Foods: In Medieval Europe, latkes became popular; while Middle Eastern Jews ate jelly-filled fried donuts called sufganiyot, and Spanish-Portuguese Jews eat bumuelos or sweet dumplings. All involve frying to recall the “miracle” of the oil. As tops became popular children’s toys in the Late Middle ages, Jews turned them into the dreidel with four Hebrew letters signifying “a great miracle happened there.” Thus, both of these Hanukkah customs came late. However, the custom of giving children coins (“Gelt”) that began in Medieval Poland may actually be connected to Roman times: after the Roman conquest, people would keep coins from the short-lived independent Maccabean state as a secret sign of resistance. (The Loft Candy Company invented the chocolate coins in the 1920’s).

“A little light dispels a lot of darkness”

So, the real spirit of Hanukkah goes beyond remembering a military victory of old; it is about tolerance and awareness of all people’s rights to self-determination. (Because the Jewish calendar follows lunar cycles, Hanukkah can fall anywhere from late December to late November; this year, we again had “Thanksgivukkah” as Hanukkah began on the Sunday after Thanksgiving!)

When I am asked if Hanukkah and Christmas have anything in common, I usually explain that they are quite different.
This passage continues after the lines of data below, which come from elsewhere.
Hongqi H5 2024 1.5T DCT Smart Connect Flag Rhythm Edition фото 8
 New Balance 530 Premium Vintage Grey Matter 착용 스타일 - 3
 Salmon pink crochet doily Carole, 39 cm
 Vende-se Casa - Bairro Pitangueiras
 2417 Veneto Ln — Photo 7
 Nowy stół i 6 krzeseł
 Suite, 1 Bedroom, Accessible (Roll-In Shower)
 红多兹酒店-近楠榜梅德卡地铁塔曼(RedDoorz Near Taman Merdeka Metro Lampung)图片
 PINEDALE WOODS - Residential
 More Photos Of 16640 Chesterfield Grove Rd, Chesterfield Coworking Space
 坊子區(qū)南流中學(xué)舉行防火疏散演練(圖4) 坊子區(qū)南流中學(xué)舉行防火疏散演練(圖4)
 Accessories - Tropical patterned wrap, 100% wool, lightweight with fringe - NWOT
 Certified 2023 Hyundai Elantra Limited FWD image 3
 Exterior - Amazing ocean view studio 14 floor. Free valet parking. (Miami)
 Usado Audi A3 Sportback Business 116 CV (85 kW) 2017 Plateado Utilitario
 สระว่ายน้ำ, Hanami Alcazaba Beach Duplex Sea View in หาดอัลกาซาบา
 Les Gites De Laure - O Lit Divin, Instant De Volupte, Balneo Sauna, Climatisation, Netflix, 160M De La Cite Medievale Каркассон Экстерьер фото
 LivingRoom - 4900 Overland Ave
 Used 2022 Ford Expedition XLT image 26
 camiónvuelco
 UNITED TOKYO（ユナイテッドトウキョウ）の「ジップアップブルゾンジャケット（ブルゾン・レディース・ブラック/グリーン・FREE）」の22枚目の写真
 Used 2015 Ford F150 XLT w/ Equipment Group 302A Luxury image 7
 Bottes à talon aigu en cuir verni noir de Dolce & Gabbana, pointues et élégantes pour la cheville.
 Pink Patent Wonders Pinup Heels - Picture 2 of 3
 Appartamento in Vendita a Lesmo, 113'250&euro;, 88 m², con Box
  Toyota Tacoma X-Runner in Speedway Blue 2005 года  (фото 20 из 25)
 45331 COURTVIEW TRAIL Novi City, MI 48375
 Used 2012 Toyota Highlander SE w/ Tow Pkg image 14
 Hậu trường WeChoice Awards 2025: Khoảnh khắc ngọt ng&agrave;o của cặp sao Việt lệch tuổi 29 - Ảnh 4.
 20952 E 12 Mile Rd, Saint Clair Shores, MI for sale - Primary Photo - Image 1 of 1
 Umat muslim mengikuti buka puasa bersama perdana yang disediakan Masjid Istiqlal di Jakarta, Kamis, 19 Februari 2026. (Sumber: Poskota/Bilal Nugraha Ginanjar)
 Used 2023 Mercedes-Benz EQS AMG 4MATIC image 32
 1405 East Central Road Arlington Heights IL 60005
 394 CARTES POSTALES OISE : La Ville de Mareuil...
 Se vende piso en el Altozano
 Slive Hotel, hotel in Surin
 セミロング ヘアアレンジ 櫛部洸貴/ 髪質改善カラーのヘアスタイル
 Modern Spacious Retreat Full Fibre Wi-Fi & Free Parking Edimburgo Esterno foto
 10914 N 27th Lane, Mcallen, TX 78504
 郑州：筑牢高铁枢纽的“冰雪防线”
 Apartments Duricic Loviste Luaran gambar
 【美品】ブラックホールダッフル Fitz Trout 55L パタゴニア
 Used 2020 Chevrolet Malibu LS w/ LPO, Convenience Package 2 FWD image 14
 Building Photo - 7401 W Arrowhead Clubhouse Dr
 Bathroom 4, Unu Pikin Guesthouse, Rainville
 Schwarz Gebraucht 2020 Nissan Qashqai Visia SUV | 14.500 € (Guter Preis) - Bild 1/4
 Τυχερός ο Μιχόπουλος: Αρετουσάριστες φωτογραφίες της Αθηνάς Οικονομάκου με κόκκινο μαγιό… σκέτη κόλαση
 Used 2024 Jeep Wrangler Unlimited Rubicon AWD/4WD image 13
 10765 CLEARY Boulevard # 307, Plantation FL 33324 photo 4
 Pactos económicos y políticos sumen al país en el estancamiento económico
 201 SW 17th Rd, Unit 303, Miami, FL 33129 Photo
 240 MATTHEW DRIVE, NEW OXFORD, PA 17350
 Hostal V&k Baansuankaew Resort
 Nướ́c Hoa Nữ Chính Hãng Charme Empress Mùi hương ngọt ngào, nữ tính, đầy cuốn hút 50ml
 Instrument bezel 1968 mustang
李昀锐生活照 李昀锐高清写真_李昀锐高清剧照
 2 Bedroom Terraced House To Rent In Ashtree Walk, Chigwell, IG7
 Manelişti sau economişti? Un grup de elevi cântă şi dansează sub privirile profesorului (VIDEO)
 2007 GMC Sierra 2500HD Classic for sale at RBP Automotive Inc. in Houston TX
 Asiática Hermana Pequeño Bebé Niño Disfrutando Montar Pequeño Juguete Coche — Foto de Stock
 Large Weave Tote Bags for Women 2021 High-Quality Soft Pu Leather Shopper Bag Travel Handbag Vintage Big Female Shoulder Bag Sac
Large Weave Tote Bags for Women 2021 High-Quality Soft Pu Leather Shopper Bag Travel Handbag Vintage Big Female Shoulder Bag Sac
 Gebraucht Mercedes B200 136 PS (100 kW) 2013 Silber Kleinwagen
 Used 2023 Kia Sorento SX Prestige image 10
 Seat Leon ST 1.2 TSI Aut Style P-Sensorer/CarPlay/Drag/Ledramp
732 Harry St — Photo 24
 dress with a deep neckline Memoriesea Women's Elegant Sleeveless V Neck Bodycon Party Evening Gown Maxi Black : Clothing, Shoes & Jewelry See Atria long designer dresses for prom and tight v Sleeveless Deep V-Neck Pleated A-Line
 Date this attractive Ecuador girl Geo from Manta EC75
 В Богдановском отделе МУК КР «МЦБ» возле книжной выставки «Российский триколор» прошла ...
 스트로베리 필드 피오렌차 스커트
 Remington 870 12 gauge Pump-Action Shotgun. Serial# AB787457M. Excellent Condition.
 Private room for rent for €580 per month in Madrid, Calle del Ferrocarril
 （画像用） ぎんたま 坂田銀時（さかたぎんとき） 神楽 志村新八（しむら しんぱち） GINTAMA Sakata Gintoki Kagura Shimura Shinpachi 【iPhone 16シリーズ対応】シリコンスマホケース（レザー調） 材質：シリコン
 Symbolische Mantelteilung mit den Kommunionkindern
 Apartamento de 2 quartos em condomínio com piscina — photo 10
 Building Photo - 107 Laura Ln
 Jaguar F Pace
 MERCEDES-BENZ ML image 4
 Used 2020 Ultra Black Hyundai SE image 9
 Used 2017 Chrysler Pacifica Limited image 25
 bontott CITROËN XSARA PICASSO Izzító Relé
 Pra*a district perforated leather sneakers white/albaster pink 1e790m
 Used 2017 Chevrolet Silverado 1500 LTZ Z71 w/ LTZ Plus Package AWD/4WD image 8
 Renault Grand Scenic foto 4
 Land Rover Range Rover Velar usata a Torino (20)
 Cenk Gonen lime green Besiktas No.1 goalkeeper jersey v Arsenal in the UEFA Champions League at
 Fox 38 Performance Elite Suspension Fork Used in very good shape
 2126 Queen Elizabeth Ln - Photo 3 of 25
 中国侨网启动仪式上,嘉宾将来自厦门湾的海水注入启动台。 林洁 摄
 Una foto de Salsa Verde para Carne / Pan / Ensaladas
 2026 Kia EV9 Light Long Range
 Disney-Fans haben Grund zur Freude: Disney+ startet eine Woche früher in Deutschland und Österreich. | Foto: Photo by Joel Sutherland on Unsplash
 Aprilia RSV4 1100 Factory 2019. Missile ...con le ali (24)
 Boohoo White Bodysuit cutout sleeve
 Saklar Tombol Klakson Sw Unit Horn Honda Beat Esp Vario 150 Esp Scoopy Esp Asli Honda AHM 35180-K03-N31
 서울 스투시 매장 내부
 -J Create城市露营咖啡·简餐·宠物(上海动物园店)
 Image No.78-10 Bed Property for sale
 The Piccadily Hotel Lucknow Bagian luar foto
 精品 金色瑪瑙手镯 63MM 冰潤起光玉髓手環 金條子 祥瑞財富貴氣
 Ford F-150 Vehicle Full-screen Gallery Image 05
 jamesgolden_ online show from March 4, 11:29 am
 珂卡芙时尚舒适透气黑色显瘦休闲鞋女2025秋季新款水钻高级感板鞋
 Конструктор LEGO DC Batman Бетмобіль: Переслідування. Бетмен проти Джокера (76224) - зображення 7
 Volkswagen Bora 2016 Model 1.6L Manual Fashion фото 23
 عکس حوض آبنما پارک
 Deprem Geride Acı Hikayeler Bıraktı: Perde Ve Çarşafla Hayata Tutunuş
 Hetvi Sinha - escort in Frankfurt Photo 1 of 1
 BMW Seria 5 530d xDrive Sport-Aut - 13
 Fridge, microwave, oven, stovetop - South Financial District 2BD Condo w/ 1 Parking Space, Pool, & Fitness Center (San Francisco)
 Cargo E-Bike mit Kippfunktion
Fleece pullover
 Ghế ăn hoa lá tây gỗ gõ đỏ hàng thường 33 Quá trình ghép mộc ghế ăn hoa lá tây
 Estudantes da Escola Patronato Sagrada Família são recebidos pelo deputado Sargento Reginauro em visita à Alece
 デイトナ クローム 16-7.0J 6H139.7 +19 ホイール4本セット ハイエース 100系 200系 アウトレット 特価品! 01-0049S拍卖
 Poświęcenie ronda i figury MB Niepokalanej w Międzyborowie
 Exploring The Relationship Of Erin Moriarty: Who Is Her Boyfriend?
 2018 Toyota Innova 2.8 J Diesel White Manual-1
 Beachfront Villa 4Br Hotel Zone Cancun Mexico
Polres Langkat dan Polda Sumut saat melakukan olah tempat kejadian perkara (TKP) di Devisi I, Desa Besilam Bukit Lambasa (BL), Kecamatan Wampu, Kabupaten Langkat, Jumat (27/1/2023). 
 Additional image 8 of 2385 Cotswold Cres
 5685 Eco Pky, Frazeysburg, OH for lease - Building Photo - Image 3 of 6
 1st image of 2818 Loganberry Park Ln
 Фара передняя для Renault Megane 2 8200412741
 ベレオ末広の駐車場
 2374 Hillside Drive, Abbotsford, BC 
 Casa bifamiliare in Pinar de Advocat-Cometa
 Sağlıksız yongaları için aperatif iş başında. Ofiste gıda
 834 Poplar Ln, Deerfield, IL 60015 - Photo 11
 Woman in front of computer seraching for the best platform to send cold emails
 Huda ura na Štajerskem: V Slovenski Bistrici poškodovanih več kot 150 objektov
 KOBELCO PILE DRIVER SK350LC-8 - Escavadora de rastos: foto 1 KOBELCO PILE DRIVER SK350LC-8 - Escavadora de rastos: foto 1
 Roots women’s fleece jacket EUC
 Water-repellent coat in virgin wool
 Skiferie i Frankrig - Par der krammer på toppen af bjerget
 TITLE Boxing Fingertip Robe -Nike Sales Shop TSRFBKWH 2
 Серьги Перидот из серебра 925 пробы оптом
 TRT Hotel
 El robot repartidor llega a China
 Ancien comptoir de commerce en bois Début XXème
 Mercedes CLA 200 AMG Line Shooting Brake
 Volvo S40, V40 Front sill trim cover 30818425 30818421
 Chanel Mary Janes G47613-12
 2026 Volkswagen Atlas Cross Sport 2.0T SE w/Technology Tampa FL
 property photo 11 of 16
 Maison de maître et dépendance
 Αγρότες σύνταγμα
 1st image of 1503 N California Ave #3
Christmas is the foundational holiday of the Christian faith, while Hanukkah commemorates one among many historical events. They both fall in the winter. Hanukkah and Christmas are very different holidays, yet they do share some common themes: First, “peace on Earth and goodwill to all” must be based on acceptance of our differences. Second, if not for those crazy Maccabees, Judea might have turned all Greek, and Jesus might not have grown up in a Jewish home! Third, and perhaps most important, light is a very powerful motif in both holidays, as well as in the African American festival of Kwaanza.

It has been a custom since ancient times to light fires at the dark time of the winter solstice. So this light also symbolizes hope, freedom, truth, family warmth and the faith that “The darkest hour comes just before the dawn.”

Like our ancestors, we, too, live in a time of great uncertainty and darkness, yet with signs of hope and tolerance as well. In the spirit of diversity and community, let us rededicate ourselves to this task. Happy Hanukkah to everyone!